# Review of "Living the Martial Way"



## Yari (Oct 30, 2002)

Review of "Living the Martial Way"

By Forrest E. Morgan, Maj USAF
ISBN: 0-942637-76-3

The book consits of 12 chapters, which are the different areas that the writer feels that a modern warrior should concern himself with. That's also reflected in the sub title: "A manual for the way a modern warrior should think".

I'm Danish and worried that the book would be too american for me. But it wasn't. It was a honest description of waht the author thinks is important to be called a modern budo-warrior.
The different chapters are as following:

Part one : The way of training
1) The warrior mind set
2) Your martial destiney
3) Train as warriors train
4) The warriors way of strategy
5) The warriors spell book

Part two: The way of honor
6) The foundations of honor
7) Honor in action
8) Revenge and Suicide: Perversions of honor

Part three: The way of living
9) Warrior fitness
10) Religion and Mysticism
11) The warrior stands alone
12 Mastery and the martial way

All the area's in the book based themselves on budo understanding. Therfor the book is a good referance for the people who need some inspiration to how budo fits the modern warrior.

I feel that the book can be read as a whole or in parts, and you still can get something good out of it. But I recommend that the whole book is read, since it's the total idea that's important.
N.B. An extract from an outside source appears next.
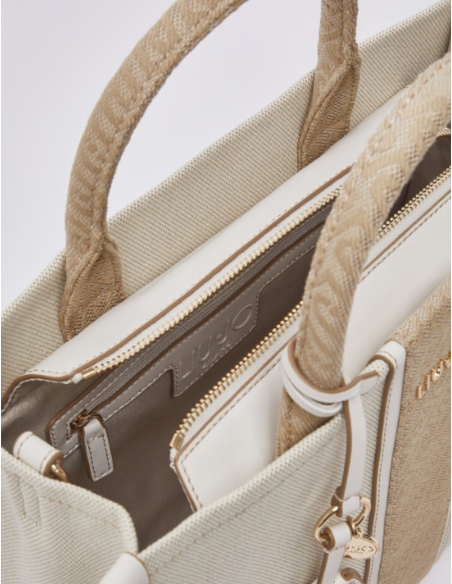 Liu Jo sac jacquard beige accessoire fashion femme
The author himself is an blackblet in Hakko Ryu and Taekwondo Chung Do Kwan , but the styles are not reflected in his way of writting so that it hinders anybody to read it.

I would give this book 7 out of 8 tsuba's.

Enjoy!

/Yari


----------



## Elfan (Oct 30, 2002)

I don't agree with a lot of what Mr. Morgan says and I prefer to think about most everything else differntly from him BUT I found this book to be an enjoyable  and intersting read and has become part of my library.  I particularly liked his discusion of honor as I feal that that is a much magngled topic.

3/5 Stars


----------



## jkn75 (Oct 30, 2002)

I agree with Elfan. There are some things I disagree with but it is good reading. Some of the insights that Mr. Morgan provides were interesting and make you think. A good addition to your martial art library.

4/5 stars.


----------



## Matt Stone (Nov 13, 2002)

As a longtime CMA practitioner, and recently (in the last year) taking up Modern Arnis and Karate, I found when I first read Mr. Morgan's book (about 6 or 7 years ago) to be just as enlightening and educational as when I pick it up to take it to my office (i.e. my small cubicle complete with porcelain ergonomic chair :flushed: ) for some refresher reading...

I have even used ideas from his book as "homework topics" for my students in the past, as his book is very useful for evoking introspective thought amongs beginning students.

I thought his approach to the selection of a style to study very matter of fact.  It doesn't hit all the points I may detail to someone looking to begin MA training, or to supplement their existing training, but it does a fine job nonetheless.

I recommend this book to anyone in the MA I meet.  It is a valued part of my library.


----------



## MA-Caver (May 23, 2005)

I too just finished this book and found it good reading and educational. There were many "chapters" that I read that I found "no-use" for, as having already achieved or melded into that chapter's particular theme. Others, particularly the remaining (last) chapters in part three were enlightening, as I found them to be a bit of a guide for where I should be along my particular journey as a Martial Artist. 
I've been recommending this book to fellow MA'ers of any style. It may not have everything for everybody and it may not always be agreeable but it is IMO written from a fellow warrior's P.O.V. 
We're all warriors in some form or another... some are more aware of it than others. 


Likewise I'd give it a 4 out of 5
 :asian:


----------



## DngrRuss (Jul 7, 2005)

While I also do not agree with every view taken n the book, I heartily recommend it to my students and let them make up their own minds.  It is not only a great addition to any MA library, but it is one of those books that you can read several times over the course of several years and get something new out of it each time.

 I give it 4 out of 5


----------



## andy (Jul 16, 2005)

the book was given to me as a gift for my accomplishment.I have read thru it many times. I give it a 5 out of 5


----------



## MisterMike (Sep 5, 2005)

I just picked it up yesterday and am about 50 pages into it. So far so good. It is in line with a lot of I believe.

I hope the rest is just as good.


----------



## Shorin Ryuu (Sep 5, 2005)

While I didn't agree with everything he said (usually only a matter of degree), I almost think the same way he does about most everything in his book.  Consequently, nothing he said was really new or novel to me.  All the same, I think it is a good read for those who haven't given the subject much thought.


----------



## kenpo0324 (Sep 6, 2005)

I found this book to be an enjoyable and intersting read and has become part of my library.


----------



## KenpoEMT (Sep 6, 2005)

I read this book several times about 12 yrs ago or so. Good stuff. I still remember the section about honor: obligation, justice, courage. Kind of burned into my mind :lol: Good book.


----------



## arnisador (Nov 8, 2005)

I've seen it on the shelves at the bookstore, I think, but haven't read it. I'll look again!


----------



## Michael Billings (Nov 8, 2005)

Over the years I have read it several times, and I still enjoy it.  In a society with increasing issues regarding honor, integrity, character, it stands out as a nice dialogue regarding forming your own personal moral/ethical views.

I recommend few books on my website, but this is one I do recommend.

-Michaeel


----------



## Brother John (Nov 8, 2005)

THAT is my ALL time favorite martial arts book!!!!!!!!!!!!!!!!

HIGHLY recomend it....
Your Brother
John


----------